Маргарита де Валуа. История женщины, история мифа - страница 184
В 1843 г. Анаис де Року, известный как Базен, опубликовал длинную статью под заголовком «Королева Маргарита», где покончил с этими измышлениями. Это серьезное исследование, где исправлены многие ошибки, в частности, дата рождения Маргариты (1553, а не 1552 г.). Может быть, в первый раз историк попытался понять Маргариту на основе данных, какие предоставляла эпоха, а не какого-то позднейшего суждения. Так, в отношении королевы к супругу после того, как она с ним рассталась, нет ничего удивительного, — полагал он, — если учесть тот факт, что он был отлучен, политически полностью изолирован и что в нем к тому моменту нельзя было угадать будущего великого короля. Кроме того, Базен внимательно прочел предшественников, со знанием дела выявляя у них нестыковки и предлагая новые толкования. К примеру, он отметил противоречие в рассказе д'Обинье-историка, когда тот возлагает на Маргариту ответственность одновременно за мир и за войну в 1579–1580 гг.
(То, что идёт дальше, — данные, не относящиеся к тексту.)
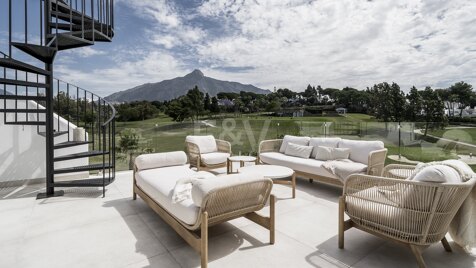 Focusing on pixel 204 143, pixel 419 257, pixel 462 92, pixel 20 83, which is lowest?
pixel 419 257

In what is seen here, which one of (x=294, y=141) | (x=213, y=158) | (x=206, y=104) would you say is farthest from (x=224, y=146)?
(x=206, y=104)

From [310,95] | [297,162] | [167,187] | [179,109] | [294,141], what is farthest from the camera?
[310,95]

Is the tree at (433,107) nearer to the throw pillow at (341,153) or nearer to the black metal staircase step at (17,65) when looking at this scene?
the throw pillow at (341,153)

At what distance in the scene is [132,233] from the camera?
245 cm

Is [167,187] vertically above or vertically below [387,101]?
below

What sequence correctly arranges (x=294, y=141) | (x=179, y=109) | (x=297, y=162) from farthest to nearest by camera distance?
(x=179, y=109) < (x=294, y=141) < (x=297, y=162)

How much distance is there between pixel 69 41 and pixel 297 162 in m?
3.97

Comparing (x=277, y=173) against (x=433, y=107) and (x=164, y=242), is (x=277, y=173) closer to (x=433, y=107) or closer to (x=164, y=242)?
(x=164, y=242)

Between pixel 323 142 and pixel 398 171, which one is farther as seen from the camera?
pixel 323 142

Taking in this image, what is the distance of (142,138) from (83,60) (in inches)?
130

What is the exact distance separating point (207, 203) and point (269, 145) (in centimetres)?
334

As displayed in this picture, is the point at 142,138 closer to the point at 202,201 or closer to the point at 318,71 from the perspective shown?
the point at 202,201

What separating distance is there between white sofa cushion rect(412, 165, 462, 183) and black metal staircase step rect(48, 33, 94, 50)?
424 cm

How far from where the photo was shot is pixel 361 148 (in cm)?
391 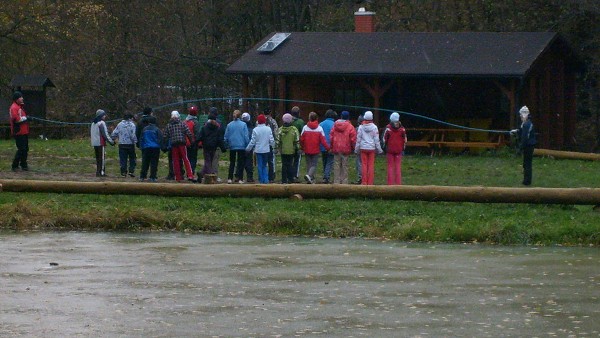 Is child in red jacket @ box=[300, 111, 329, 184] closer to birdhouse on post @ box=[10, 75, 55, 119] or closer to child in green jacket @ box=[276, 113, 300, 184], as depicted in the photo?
child in green jacket @ box=[276, 113, 300, 184]

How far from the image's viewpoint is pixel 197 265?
1675cm

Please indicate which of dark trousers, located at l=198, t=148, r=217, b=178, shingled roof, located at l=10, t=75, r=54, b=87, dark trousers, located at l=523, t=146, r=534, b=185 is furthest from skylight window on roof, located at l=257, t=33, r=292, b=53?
dark trousers, located at l=523, t=146, r=534, b=185

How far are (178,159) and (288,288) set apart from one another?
41.2ft

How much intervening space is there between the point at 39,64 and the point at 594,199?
1582 inches

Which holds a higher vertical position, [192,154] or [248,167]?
[192,154]

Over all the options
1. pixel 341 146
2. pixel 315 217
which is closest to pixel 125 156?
pixel 341 146

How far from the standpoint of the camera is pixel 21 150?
29.1 meters

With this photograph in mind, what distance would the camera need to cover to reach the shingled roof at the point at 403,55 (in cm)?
3894

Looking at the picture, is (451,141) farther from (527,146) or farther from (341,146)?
(341,146)

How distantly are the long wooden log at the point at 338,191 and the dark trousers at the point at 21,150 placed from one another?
6.02 meters

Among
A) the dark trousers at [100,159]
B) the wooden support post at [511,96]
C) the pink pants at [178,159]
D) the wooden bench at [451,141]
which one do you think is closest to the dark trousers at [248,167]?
the pink pants at [178,159]

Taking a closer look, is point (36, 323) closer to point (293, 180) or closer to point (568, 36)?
point (293, 180)

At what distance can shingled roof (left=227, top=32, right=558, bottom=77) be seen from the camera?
38.9 m

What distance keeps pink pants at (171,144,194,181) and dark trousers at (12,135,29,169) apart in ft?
13.0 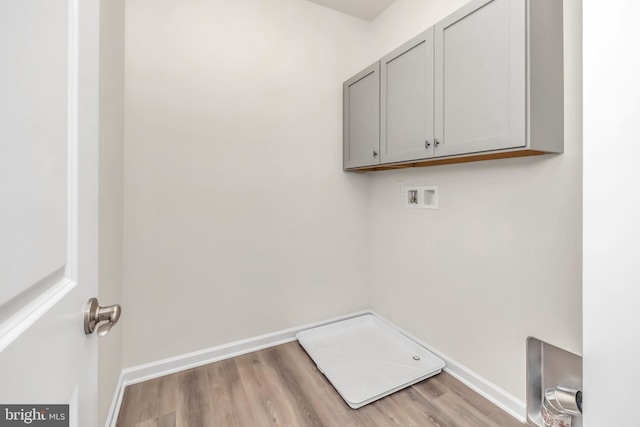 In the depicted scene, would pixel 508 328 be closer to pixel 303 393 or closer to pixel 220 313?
pixel 303 393

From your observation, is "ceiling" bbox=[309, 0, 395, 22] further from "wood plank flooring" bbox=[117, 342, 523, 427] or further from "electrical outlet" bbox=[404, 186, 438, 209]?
"wood plank flooring" bbox=[117, 342, 523, 427]

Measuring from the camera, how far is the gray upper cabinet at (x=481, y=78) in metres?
1.16

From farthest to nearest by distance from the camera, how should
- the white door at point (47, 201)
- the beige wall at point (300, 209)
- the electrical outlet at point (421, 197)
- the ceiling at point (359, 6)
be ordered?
the ceiling at point (359, 6) → the electrical outlet at point (421, 197) → the beige wall at point (300, 209) → the white door at point (47, 201)

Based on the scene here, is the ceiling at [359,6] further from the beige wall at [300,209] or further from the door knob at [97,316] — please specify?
the door knob at [97,316]

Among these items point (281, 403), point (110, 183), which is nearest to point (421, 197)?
point (281, 403)

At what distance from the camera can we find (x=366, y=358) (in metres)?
1.88

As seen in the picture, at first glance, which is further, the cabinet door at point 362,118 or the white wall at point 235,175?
the cabinet door at point 362,118

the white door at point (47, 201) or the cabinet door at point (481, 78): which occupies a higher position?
the cabinet door at point (481, 78)

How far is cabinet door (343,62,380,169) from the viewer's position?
77.4 inches

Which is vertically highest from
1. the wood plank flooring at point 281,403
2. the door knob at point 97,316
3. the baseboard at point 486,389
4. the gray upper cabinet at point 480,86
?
the gray upper cabinet at point 480,86

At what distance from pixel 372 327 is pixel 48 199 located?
229 centimetres

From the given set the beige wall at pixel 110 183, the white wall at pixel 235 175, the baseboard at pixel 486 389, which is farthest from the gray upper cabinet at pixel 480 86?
the beige wall at pixel 110 183

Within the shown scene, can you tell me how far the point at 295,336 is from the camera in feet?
7.13

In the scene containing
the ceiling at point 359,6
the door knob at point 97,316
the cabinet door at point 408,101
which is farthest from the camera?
the ceiling at point 359,6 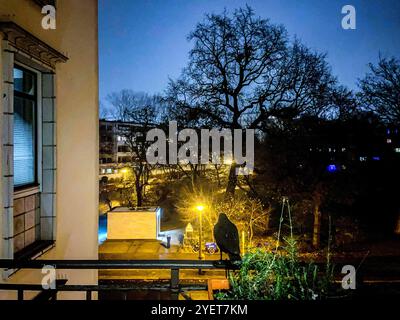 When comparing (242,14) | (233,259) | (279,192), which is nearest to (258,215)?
(279,192)

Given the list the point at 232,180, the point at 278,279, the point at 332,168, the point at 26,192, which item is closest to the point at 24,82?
the point at 26,192

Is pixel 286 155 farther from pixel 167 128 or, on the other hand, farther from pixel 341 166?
pixel 167 128

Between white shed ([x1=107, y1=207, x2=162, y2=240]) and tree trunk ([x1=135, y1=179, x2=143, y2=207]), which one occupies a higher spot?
tree trunk ([x1=135, y1=179, x2=143, y2=207])

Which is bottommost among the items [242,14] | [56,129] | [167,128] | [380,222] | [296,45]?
[380,222]

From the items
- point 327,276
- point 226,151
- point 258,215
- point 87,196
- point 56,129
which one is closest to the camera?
point 327,276

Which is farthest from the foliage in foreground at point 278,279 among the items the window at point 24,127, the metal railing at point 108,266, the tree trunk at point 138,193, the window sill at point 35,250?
the tree trunk at point 138,193

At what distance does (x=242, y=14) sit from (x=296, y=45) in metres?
4.07

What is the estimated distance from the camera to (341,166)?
19109mm

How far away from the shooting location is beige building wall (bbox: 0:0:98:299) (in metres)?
4.97

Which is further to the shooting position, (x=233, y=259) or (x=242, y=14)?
(x=242, y=14)

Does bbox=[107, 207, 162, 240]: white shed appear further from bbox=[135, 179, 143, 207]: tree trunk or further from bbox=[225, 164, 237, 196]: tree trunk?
bbox=[135, 179, 143, 207]: tree trunk

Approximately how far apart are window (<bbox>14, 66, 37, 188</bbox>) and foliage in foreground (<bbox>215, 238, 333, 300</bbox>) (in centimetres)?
299

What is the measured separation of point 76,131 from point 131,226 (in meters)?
18.9

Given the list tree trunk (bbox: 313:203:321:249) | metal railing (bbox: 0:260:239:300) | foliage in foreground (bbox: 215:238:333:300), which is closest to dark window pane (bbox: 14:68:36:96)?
metal railing (bbox: 0:260:239:300) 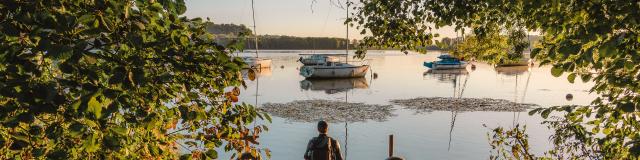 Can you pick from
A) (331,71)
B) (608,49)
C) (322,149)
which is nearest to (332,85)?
(331,71)

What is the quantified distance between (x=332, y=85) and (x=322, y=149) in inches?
1799

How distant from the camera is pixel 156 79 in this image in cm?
269

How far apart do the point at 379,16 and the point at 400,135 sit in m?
19.3

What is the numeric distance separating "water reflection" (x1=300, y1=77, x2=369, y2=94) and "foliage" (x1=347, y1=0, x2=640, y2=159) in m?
40.1

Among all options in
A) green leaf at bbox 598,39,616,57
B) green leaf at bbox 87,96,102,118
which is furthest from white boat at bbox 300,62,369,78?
green leaf at bbox 87,96,102,118

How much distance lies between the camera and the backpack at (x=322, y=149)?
9359mm

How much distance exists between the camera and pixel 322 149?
9367mm

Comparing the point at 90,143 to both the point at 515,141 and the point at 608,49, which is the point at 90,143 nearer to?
the point at 608,49

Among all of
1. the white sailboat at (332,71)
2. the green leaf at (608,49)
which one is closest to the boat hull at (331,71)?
the white sailboat at (332,71)

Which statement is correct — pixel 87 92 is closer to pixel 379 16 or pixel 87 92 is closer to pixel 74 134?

Он посмеялся над «твердолобыми гугенотами, верившими, что их святому делу повредило противоестественное сочетание галантности и женской злопамятности»[785]. Он размышлял над некоторыми оверньскими загадками, предложил датировку «Рассуждения» Брантома и счел возможным утверждать, что Маргарита не имеет отношения к задержкам, возникавшим в ходе процедуры развода: противодействие королевы, по его мнению, выдумал Сюлли, и он же сочинил письмо, где она упоминала «шлюху» Габриэль.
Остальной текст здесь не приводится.